■ PROBLEM DESCRIPTION ■
Only lines that contain the string "walls" should be returned from the material below.

========

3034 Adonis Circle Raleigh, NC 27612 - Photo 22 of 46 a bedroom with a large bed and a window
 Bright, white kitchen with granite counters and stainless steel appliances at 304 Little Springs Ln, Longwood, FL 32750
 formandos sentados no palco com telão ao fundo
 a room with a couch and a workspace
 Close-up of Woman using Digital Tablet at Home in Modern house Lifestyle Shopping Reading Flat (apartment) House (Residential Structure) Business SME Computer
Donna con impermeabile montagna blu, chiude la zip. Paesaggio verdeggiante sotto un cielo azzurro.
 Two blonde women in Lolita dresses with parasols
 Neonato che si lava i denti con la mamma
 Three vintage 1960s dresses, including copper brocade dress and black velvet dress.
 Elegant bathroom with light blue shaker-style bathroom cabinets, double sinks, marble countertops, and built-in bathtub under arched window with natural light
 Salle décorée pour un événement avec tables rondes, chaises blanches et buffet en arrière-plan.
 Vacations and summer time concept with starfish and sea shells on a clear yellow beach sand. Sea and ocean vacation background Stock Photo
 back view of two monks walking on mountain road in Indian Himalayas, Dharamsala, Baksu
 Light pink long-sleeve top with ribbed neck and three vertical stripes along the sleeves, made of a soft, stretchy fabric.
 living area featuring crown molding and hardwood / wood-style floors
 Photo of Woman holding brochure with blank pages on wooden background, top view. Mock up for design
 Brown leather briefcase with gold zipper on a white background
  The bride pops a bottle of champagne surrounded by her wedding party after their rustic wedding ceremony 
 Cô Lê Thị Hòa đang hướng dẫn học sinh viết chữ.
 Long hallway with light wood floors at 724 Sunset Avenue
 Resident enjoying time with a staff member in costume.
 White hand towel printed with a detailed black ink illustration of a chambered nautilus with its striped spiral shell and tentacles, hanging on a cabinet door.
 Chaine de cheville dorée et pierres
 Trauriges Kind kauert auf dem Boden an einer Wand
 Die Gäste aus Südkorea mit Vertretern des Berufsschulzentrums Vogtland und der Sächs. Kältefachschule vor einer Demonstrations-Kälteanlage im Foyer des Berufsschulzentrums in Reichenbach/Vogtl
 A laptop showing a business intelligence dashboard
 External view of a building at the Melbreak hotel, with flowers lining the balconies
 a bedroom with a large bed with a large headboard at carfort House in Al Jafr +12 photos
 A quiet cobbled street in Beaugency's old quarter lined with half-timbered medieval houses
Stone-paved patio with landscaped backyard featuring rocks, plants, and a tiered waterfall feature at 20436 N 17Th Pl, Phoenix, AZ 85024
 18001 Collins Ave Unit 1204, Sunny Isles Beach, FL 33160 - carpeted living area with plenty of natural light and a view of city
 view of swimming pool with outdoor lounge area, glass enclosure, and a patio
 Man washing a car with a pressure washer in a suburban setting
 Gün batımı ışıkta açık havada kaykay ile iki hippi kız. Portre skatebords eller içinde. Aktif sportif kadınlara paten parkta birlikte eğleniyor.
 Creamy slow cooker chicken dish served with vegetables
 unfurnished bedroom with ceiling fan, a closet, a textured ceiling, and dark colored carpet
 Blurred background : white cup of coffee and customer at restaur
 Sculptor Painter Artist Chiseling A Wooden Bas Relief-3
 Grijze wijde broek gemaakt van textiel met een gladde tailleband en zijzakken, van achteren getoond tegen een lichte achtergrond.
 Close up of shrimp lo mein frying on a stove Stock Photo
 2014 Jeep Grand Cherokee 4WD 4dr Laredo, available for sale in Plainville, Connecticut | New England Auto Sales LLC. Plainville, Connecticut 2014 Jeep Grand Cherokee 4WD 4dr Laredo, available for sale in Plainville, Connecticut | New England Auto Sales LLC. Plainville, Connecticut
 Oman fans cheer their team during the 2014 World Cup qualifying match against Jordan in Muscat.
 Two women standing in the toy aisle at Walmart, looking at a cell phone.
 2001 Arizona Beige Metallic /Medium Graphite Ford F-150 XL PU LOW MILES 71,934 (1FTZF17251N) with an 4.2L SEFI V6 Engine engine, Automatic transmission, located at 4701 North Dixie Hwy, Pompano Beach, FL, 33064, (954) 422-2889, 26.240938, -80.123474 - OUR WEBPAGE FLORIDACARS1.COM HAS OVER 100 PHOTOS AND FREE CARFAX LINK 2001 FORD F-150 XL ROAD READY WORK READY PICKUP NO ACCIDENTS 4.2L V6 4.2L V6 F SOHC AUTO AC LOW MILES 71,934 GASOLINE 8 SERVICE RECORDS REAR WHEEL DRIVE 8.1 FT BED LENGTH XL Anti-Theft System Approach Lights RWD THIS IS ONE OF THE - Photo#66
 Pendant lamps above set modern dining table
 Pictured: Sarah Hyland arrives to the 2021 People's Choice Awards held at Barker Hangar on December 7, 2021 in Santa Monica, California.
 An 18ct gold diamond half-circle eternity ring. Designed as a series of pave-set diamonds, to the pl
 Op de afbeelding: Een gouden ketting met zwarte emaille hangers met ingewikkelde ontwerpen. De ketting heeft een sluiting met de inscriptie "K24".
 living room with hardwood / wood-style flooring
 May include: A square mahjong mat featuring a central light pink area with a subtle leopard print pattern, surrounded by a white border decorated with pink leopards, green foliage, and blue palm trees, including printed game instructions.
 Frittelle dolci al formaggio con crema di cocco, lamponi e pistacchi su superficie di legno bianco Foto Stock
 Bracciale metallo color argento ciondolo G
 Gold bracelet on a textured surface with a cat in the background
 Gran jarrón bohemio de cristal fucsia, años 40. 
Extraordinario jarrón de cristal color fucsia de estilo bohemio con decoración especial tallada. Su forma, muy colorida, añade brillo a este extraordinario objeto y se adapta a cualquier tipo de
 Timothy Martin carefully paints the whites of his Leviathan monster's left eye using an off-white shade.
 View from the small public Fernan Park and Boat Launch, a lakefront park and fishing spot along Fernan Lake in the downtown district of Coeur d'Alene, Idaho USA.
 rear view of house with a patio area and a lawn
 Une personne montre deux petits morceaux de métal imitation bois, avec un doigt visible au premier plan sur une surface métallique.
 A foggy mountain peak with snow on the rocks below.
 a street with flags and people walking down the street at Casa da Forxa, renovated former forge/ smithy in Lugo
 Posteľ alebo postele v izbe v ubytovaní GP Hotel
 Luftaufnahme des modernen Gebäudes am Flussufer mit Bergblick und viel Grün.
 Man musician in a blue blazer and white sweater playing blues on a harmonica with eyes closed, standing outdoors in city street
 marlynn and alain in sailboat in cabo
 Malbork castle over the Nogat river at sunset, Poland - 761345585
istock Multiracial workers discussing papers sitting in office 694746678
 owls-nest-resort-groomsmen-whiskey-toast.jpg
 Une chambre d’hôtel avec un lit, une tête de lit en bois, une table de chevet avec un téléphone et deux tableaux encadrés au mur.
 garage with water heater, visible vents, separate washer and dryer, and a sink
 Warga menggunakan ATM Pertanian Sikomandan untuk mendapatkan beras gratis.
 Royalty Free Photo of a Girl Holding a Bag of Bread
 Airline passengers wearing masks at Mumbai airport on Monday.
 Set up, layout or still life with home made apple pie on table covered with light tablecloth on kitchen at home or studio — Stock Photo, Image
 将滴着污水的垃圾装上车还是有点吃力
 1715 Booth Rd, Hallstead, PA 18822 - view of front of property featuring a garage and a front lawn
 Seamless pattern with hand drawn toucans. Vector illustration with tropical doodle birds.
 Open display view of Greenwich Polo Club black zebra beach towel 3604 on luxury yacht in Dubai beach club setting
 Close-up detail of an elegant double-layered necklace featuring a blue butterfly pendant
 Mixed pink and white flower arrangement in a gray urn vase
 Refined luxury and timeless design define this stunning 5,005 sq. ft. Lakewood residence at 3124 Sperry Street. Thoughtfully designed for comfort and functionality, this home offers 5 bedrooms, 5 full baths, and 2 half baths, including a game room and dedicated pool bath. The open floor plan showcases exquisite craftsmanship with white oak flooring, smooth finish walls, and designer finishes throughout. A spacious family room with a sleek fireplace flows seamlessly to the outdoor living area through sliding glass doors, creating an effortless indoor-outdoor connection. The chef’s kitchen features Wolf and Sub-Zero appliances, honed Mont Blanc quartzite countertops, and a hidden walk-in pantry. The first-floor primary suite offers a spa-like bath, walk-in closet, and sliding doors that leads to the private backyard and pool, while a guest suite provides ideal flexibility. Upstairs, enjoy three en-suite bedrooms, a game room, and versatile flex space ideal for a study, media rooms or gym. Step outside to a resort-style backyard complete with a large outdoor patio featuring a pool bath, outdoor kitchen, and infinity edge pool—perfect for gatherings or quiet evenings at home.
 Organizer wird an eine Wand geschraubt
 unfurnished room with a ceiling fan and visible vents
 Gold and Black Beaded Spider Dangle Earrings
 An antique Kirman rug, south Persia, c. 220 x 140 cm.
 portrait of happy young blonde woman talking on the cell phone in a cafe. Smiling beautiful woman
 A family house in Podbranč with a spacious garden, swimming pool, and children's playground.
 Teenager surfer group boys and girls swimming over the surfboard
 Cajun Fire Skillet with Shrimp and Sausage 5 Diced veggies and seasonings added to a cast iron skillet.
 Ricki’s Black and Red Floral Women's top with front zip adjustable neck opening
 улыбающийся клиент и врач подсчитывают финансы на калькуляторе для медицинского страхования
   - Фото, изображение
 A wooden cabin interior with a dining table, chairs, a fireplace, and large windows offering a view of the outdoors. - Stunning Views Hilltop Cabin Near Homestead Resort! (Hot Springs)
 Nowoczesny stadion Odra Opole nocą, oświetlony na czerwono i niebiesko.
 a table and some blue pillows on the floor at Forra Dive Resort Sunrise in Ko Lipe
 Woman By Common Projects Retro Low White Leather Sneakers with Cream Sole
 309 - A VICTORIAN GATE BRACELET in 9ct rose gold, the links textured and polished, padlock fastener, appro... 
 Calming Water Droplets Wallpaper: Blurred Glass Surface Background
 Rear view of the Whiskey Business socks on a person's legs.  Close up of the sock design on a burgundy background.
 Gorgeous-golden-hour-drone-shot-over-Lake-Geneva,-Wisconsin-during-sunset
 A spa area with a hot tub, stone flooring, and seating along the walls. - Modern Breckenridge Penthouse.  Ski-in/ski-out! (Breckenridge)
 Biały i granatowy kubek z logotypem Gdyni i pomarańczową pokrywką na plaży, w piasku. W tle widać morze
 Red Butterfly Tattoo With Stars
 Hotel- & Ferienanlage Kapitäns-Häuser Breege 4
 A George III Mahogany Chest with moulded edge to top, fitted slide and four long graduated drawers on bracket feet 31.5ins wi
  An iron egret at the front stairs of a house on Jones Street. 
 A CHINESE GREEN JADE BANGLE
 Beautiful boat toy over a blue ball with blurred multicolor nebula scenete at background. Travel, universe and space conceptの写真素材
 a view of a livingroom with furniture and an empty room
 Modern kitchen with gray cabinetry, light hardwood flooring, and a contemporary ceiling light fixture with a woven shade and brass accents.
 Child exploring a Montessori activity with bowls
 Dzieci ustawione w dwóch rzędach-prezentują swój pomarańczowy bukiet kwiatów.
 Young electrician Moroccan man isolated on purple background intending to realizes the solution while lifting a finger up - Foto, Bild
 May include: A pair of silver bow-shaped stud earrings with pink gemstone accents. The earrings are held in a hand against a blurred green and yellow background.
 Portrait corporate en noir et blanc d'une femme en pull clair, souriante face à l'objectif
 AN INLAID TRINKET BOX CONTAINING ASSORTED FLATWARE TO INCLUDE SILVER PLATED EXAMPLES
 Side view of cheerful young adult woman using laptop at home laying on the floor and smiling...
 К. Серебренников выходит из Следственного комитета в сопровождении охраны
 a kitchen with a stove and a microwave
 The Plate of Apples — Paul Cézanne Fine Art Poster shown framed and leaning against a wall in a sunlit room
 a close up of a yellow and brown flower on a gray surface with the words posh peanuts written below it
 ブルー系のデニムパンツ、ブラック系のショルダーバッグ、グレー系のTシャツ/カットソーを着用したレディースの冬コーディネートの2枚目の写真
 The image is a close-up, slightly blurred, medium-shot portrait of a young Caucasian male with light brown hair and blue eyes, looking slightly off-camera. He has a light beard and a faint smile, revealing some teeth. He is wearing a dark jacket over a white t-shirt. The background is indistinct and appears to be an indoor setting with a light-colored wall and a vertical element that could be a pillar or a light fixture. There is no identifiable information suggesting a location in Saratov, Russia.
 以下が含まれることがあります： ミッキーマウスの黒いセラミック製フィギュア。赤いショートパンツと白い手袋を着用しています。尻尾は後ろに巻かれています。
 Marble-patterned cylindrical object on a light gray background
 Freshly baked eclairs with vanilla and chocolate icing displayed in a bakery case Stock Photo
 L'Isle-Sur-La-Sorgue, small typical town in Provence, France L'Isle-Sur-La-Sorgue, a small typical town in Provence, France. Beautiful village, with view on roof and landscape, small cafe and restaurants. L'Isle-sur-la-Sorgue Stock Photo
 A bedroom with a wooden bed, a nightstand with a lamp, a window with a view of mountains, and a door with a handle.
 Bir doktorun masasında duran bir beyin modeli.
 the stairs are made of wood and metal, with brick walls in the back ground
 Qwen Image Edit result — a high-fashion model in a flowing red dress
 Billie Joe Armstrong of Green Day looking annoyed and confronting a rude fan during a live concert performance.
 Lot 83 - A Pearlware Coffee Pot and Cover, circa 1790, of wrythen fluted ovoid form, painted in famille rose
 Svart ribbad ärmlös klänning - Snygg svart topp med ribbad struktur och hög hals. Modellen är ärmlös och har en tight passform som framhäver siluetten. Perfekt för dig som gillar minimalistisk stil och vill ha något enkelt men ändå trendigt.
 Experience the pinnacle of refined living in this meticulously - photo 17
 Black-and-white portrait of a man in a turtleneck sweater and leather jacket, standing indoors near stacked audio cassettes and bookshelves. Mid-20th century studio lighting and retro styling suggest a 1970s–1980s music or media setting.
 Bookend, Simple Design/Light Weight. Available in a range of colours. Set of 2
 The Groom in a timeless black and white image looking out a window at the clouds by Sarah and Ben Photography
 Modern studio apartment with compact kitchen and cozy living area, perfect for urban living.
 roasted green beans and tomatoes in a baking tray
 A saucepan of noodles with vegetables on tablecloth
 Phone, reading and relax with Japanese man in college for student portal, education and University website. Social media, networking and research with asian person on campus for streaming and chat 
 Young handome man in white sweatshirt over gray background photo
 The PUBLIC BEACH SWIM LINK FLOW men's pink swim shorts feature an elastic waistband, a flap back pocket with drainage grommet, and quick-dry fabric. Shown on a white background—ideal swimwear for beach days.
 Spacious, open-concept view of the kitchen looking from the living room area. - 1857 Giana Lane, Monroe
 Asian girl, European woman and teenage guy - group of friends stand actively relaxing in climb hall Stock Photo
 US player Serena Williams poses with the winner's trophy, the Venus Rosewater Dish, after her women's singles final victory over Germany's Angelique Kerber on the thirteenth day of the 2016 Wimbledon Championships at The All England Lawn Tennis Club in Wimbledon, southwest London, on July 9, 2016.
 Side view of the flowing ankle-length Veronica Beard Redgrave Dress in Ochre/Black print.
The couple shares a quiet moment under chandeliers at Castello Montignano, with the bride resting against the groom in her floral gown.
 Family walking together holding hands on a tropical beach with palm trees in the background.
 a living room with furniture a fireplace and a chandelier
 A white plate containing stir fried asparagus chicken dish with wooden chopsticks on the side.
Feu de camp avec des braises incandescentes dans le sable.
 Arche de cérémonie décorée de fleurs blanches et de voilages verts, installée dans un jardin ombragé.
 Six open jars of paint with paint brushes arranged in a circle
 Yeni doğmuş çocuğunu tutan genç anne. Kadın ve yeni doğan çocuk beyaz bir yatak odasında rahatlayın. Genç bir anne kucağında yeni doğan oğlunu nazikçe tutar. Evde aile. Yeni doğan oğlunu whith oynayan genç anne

========

■ SOLUTION FOR THIS PROBLEM ■
 Refined luxury and timeless design define this stunning 5,005 sq. ft. Lakewood residence at 3124 Sperry Street. Thoughtfully designed for comfort and functionality, this home offers 5 bedrooms, 5 full baths, and 2 half baths, including a game room and dedicated pool bath. The open floor plan showcases exquisite craftsmanship with white oak flooring, smooth finish walls, and designer finishes throughout. A spacious family room with a sleek fireplace flows seamlessly to the outdoor living area through sliding glass doors, creating an effortless indoor-outdoor connection. The chef’s kitchen features Wolf and Sub-Zero appliances, honed Mont Blanc quartzite countertops, and a hidden walk-in pantry. The first-floor primary suite offers a spa-like bath, walk-in closet, and sliding doors that leads to the private backyard and pool, while a guest suite provides ideal flexibility. Upstairs, enjoy three en-suite bedrooms, a game room, and versatile flex space ideal for a study, media rooms or gym. Step outside to a resort-style backyard complete with a large outdoor patio featuring a pool bath, outdoor kitchen, and infinity edge pool—perfect for gatherings or quiet evenings at home.
 A spa area with a hot tub, stone flooring, and seating along the walls. - Modern Breckenridge Penthouse.  Ski-in/ski-out! (Breckenridge)
 the stairs are made of wood and metal, with brick walls in the back ground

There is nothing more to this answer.